In 912 Leo VI died and was succeeded by his brother Alexander, who set about reversing many of Leo VI's policies and reinstated Nicholas Mystikos as patriarch. As the diplomatic protocol of the time prescribed, Simeon sent emissaries to confirm the peace in late 912 or early 913. According to the Byzantine chronicler Theophanes Continuatus, Simeon informed him that "he would honour the peace if he was to be treated with kindness and respect, as it was under emperor Leo. However, Alexander, overwhelmed by madness and folly, ignominiously dismissed the envoys, made threats to Simeon and thought he would intimidate him. The peace was broken and Simeon decided to raise arms against the Christians [the Byzantines]." The Bulgarian ruler, who was seeking a casus belli to claim the imperial title, took the opportunity to wage war. Unlike his predecessors, Simeon's ultimate ambition was to assume the throne of Constantinople as a Roman emperor, creating a joint Bulgarian–Roman state.
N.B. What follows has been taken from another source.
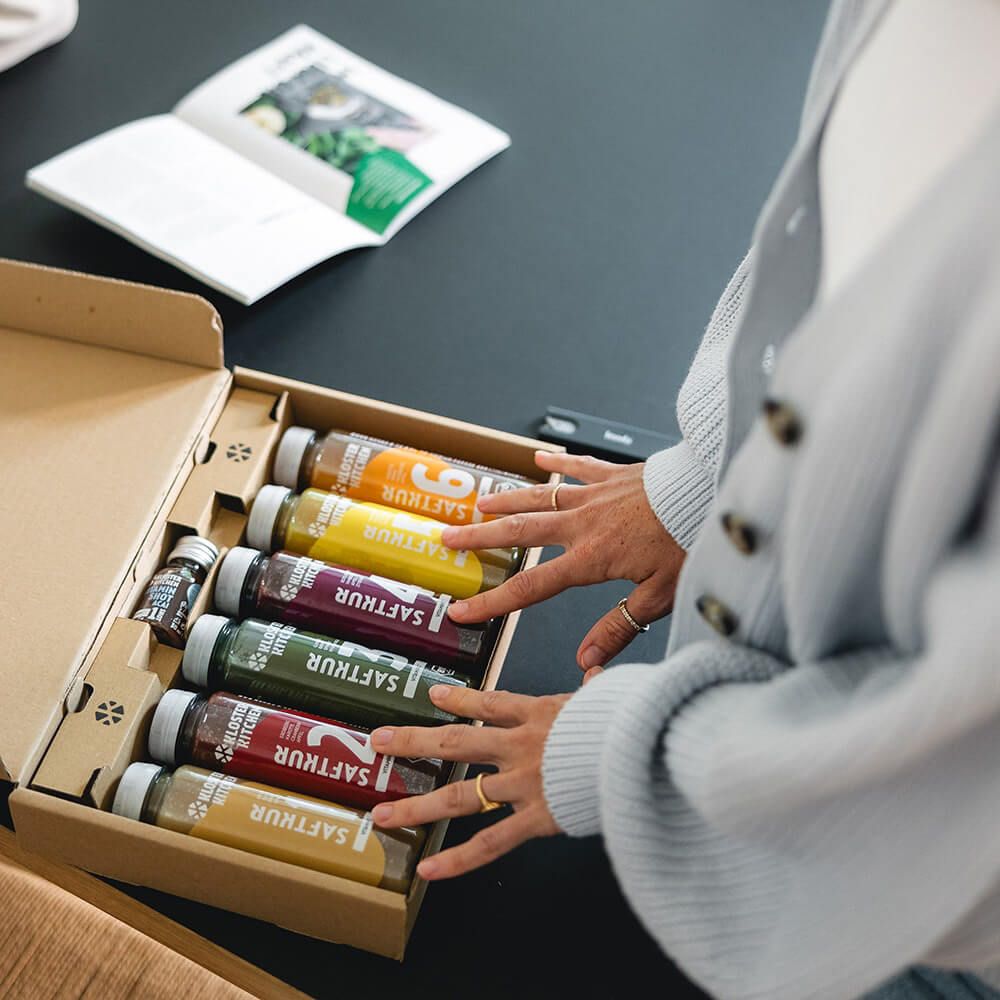 Geöffnete Verpackung mit 6 Flaschen Kloster Kitchen Saftkur. Eine Person berührt die Flaschen. Buch im Hintergrund.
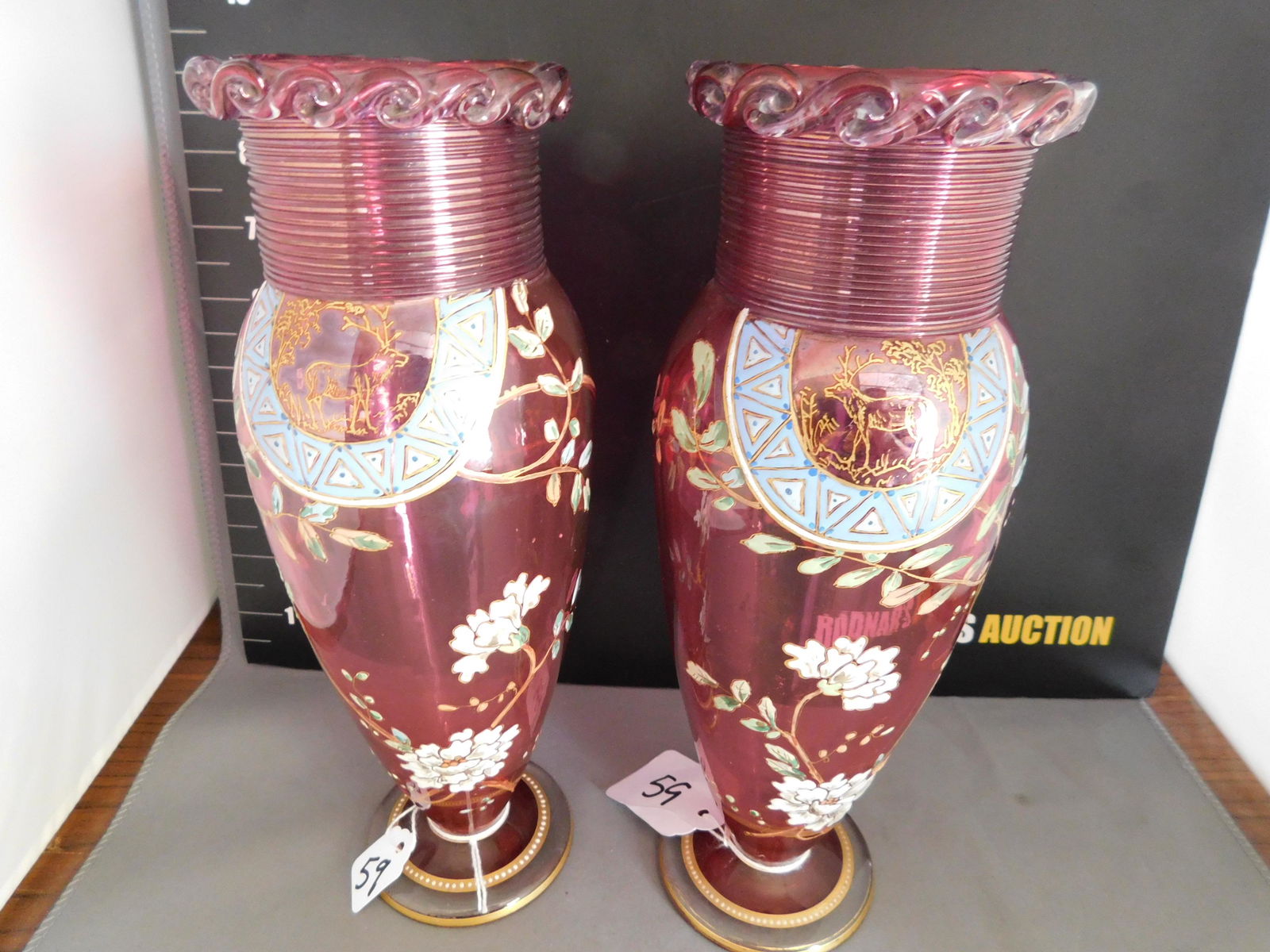 Pair of Victorian Cranberry Enamel Painted Vases: Pair of Victorian Cranberry Enamel Painted Vases with Gold. Ribbon glass with glass decorated cap. Measures approx. 9.5" tall. You are bidding at a live sale, please read the terms and conditions. We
The historian John Fine argues that the provocative policy of Alexander did little to influence Simeon's decision, as he had already planned an invasion, having taken into account that on the Byzantine throne sat a man who was unpopular, inexperienced and possibly alcoholic and whose successor, Constantine VII, was a sickly little boy, considered by many to be illegitimate. While Bulgaria was preparing for war, on 6 June 913 Alexander died, leaving Constantinople in chaos with an under-aged emperor under the regency of patriarch Mystikos.

== The Great War ==

The Byzantine–Bulgarian war of 913–927 (Българо–византийска война от 913–927) was fought between the Bulgarian Empire and the Byzantine Empire for more than a decade. Although the war was provoked by the Byzantine emperor Alexander's decision to discontinue paying an annual tribute to Bulgaria, the military and ideological initiative was held by Simeon I of Bulgaria, who demanded to be recognized as Tsar and made it clear that he aimed to conquer not only Constantinople but the rest of the Byzantine Empire, as well.

The first steps of the regency were to attempt to divert Simeon's attack. Nicholas Mystikos sent a letter which, while praising the wisdom of Simeon, accused him of attacking an "orphan child" (i.e., Constantine VII) who had done nothing to insult him, but his efforts were in vain. Toward the end of July 913 the Bulgarian monarch launched a campaign at the head of a large army, and in August he reached Constantinople unopposed. The head of the Byzantine chancery, Theodore Daphnopates, wrote about the campaign fifteen years later: "There was an earthquake, felt even by those who lived beyond the Pillars of Hercules." The Bulgarians besieged the city and constructed ditches from the Golden Horn to the Golden Gate at the Marmara Sea. Since Simeon had studied at the University of Constantinople and was aware that the city was impregnable to a land attack without maritime support, those actions were a demonstration of power, not an attempt to assault the city. Soon, the siege was lifted and kavhan (first minister) Theodore Sigritsa was sent to offer peace. Simeon had two demandsto be crowned Emperor of the Bulgarians and to betroth his daughter to Constantine VII, thus becoming father-in-law and guardian of the infant emperor.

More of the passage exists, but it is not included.